Except that I deliberately left off the button labels to preserve the art better; I'd want to send them the flattened version with the label text. I'll have to email their customer service and find out if they'd prefer to have me send them the one file rather than getting it from several different people.


----------



## srmalloy (Mar 3, 2009)

Meemo said:


> That's gorgeous! It would be nice if they sent a screensaver, I've been playing around with mytego & some pics I have and/or found. Then again I have so many custom screensavers already it doesn't much matter.
> Think I'll have to send them a request to do screensavers for the K1. Maybe if enough people ask...


Since I've got the original art, I can easily do it myself... (glare at top due to sloppy setup of the shot on my computer desk).

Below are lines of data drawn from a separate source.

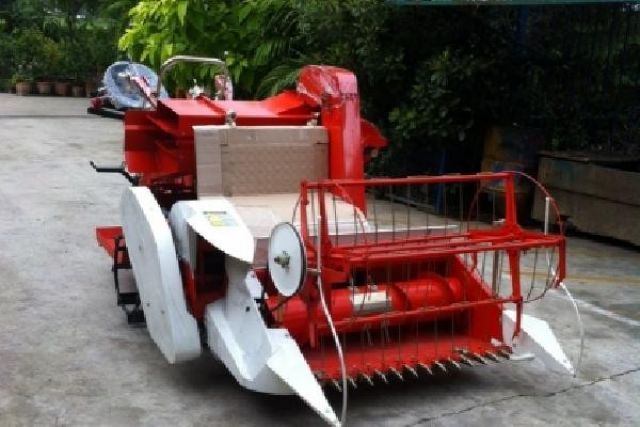 รถเกี่ยวข้าวนวดเล็กอเนกประสงค์ (MIni combine harvester)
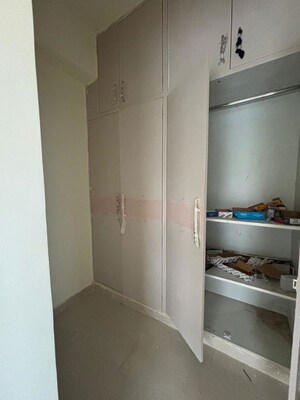 Furnished Amenities in 3.5 BHK Apartment at Omaxe Waterscapes, Gomti Nagar – for Rent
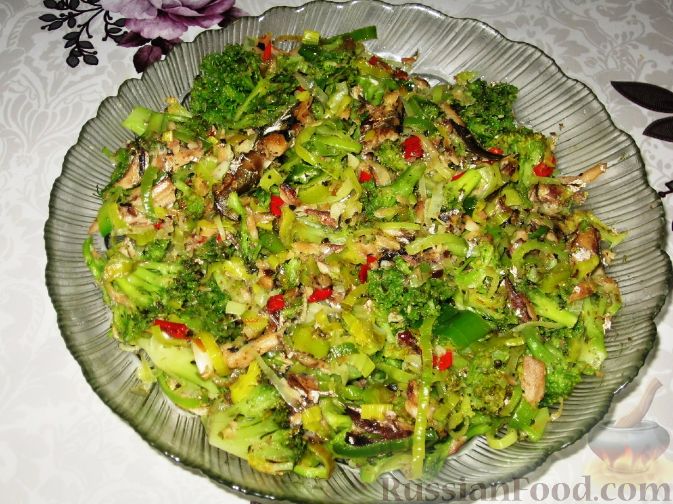 Рецепт Шпротный салат с брокколи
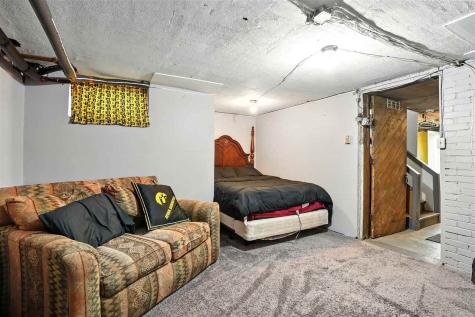 605 Williams Victor IA 52347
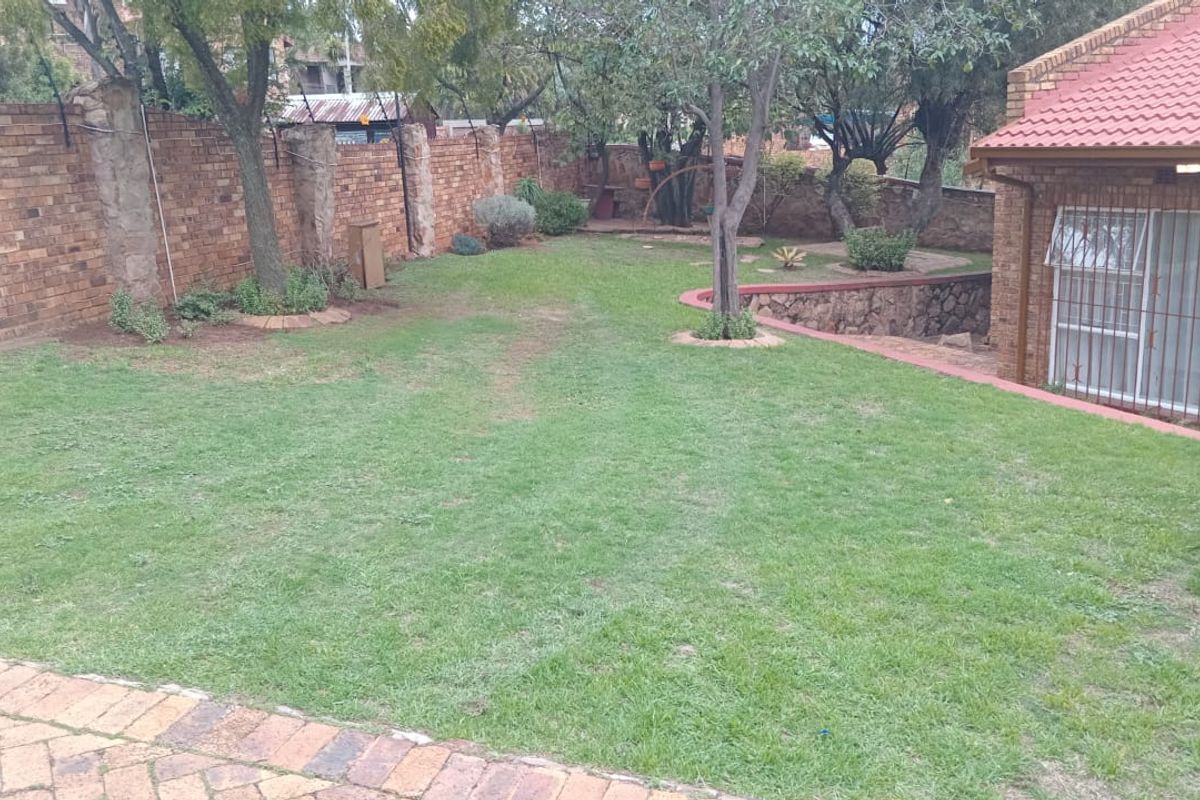 3 Bedroom House for Sale in Winchester Hills Ext 3 Johannesburg - Photo 3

I want to fiddle with the image a bit more, see if I can get a better match at the bottom right corner, though.


----------



## Candace (Apr 14, 2009)

I'm the one that wrote asking if I could use your art work and you very kindly said you would be willing to email the art work so that I wouldn't have to do the prepping. That would be fabulous, and I really appreciate it! However, I'm pretty computer-stupid, so how exactly do we go about that? Do you email it to me at my personal email, or what? Just let me know, and I'll do my best to do whatever is necessary. Again, it's SUPER nice of you: thanks so much!


----------



## MarthaT (Mar 3, 2009)

this is great news


----------



## Kind (Jan 28, 2009)

Sweet Jesus!! This is awesome. I got some pics I may wanna use.


----------



## LCEvans (Mar 29, 2009)

Your design is beautiful. I'm going to look through my pictures and see if I have anything that would work for a skin. Have to get my Kindle first, though.


----------



## shk246 (Mar 6, 2009)

That is gorgeous!  I love it.  I would love to get one too.  I hope they will make it available to the public.

How do you make a custom screensaver?


----------



## srmalloy (Mar 3, 2009)

shk246 said:


> That is gorgeous! I love it. I would love to get one too. I hope they will make it available to the public.


According to their customer support, they can't accept a file on hold for someone else, so I'll mail my template image to anyone who wants their own Hokusai 'Great Wave' Kindle 2 skin.



> How do you make a custom screensaver?


The image is just a 600x800 4-bit image with the shades grading from white at index 0 to black at index 15. For getting that image (and any others you want to have rotating as power-off images), you need to install the screensaver hack. Over in this post on the mobileread forums is a link to the zipfile with the mod in it. The zipfile contains two .bin files and a readme with instructions; basically, you connect your Kindle 2 to your computer and put the install file in your Kindle's root directory, then disconnect it and do a manual update. This creates a 'screen_saver' directory in the Kindle's 'system' directory and copies all the standard screensaver images to it, and points the power-off code to that directory. You can then add or remove images from this directory (the original screensaver images are not harmed, these are copies), then do a manual reset of your Kindle 2 to make it rescan that directory for images, and the new images will be used.

*Note:* While the mod is in place, your Kindle 2 will not accept updates from Amazon, so what you will need to do when an update comes out is to use the other .bin file, putting it in the Kindle's root directory the same way and doing a manual update; this uninstalls the mod, which will set everything back to where an automatic update will work. Afterward, you can reinstall the screensaver mod, reset your Kindle, and you'll have your custom power-off images again.


----------



## Wisteria Clematis (Oct 29, 2008)

srmalloy said:


> Since I've got the original art, I can easily do it myself... (glare at top due to sloppy setup of the shot on my computer desk). I want to fiddle with the image a bit more, see if I can get a better match at the bottom right corner, though.


Is this what you were thinking of


----------



## Leslie (Apr 7, 2008)

Yes, thank you!

I wonder if DecalGirl will do a custom skin for the DX?

L


----------



## Leslie (Apr 7, 2008)

I am also not very expert in photoshop to set the whole thing up...sigh...

L


----------